**Your instructions:** Lines with the word "Natural" are the answer; copy each of them from the data below.

**Working data:**
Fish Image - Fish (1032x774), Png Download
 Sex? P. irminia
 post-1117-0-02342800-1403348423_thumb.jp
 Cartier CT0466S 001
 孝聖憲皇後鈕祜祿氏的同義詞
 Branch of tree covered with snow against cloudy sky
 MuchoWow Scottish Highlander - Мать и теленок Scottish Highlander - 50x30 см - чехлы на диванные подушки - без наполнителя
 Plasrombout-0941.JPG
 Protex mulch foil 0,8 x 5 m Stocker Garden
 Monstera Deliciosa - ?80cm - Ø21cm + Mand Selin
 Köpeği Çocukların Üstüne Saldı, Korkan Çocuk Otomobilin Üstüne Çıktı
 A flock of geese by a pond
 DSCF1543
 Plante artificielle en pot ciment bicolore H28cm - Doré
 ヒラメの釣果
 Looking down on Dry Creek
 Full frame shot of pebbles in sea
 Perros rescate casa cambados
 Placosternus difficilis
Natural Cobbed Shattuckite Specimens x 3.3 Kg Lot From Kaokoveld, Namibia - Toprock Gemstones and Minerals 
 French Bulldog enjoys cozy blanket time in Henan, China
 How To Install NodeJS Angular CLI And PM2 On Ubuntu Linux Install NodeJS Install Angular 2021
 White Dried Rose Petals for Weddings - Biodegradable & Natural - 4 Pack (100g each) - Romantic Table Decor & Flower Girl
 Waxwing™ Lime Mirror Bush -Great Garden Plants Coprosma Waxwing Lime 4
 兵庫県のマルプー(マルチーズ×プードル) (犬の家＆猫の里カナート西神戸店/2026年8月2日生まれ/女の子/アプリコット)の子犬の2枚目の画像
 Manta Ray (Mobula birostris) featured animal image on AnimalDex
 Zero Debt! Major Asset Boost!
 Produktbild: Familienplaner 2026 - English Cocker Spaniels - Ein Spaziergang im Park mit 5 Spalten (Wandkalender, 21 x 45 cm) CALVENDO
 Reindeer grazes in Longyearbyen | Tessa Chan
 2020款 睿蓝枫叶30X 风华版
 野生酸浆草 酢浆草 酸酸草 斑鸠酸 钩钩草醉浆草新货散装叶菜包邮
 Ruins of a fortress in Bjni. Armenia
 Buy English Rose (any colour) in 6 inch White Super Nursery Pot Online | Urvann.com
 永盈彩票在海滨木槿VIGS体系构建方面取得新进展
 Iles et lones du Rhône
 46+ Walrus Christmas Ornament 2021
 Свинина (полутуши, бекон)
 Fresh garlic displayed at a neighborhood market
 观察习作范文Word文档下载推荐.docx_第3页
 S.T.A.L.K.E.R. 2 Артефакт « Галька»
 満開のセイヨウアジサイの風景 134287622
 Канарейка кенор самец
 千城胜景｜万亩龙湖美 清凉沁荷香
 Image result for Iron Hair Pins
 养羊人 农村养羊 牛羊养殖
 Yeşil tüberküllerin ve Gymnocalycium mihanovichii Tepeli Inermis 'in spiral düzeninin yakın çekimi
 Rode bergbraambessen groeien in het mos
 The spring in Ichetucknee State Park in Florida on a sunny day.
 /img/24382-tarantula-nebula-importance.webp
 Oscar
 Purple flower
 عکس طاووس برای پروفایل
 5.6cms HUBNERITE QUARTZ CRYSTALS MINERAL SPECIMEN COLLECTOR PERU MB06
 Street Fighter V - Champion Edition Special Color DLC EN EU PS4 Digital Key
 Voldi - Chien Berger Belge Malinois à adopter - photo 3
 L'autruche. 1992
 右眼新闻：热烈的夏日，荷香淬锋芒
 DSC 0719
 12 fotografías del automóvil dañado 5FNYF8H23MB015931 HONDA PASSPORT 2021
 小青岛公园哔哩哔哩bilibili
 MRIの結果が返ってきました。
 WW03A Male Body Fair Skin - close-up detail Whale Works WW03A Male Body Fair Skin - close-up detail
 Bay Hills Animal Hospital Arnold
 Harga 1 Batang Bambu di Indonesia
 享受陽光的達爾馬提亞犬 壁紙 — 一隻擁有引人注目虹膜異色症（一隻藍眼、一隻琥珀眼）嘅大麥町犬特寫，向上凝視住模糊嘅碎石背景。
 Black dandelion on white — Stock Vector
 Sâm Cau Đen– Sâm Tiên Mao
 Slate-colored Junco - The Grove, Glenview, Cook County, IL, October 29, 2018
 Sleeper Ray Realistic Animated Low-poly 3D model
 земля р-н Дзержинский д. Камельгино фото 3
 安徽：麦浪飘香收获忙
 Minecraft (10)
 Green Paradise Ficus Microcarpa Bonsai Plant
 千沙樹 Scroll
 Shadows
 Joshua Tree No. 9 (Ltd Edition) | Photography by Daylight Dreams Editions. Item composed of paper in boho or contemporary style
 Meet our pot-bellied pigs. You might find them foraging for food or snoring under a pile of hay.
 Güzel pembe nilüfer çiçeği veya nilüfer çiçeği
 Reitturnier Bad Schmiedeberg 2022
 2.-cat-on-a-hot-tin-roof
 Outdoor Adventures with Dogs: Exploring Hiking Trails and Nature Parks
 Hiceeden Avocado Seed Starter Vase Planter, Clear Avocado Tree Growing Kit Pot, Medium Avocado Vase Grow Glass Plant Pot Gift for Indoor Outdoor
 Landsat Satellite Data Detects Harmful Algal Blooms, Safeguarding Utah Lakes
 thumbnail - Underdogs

**Task response:**
Natural Cobbed Shattuckite Specimens x 3.3 Kg Lot From Kaokoveld, Namibia - Toprock Gemstones and Minerals 
 White Dried Rose Petals for Weddings - Biodegradable & Natural - 4 Pack (100g each) - Romantic Table Decor & Flower Girl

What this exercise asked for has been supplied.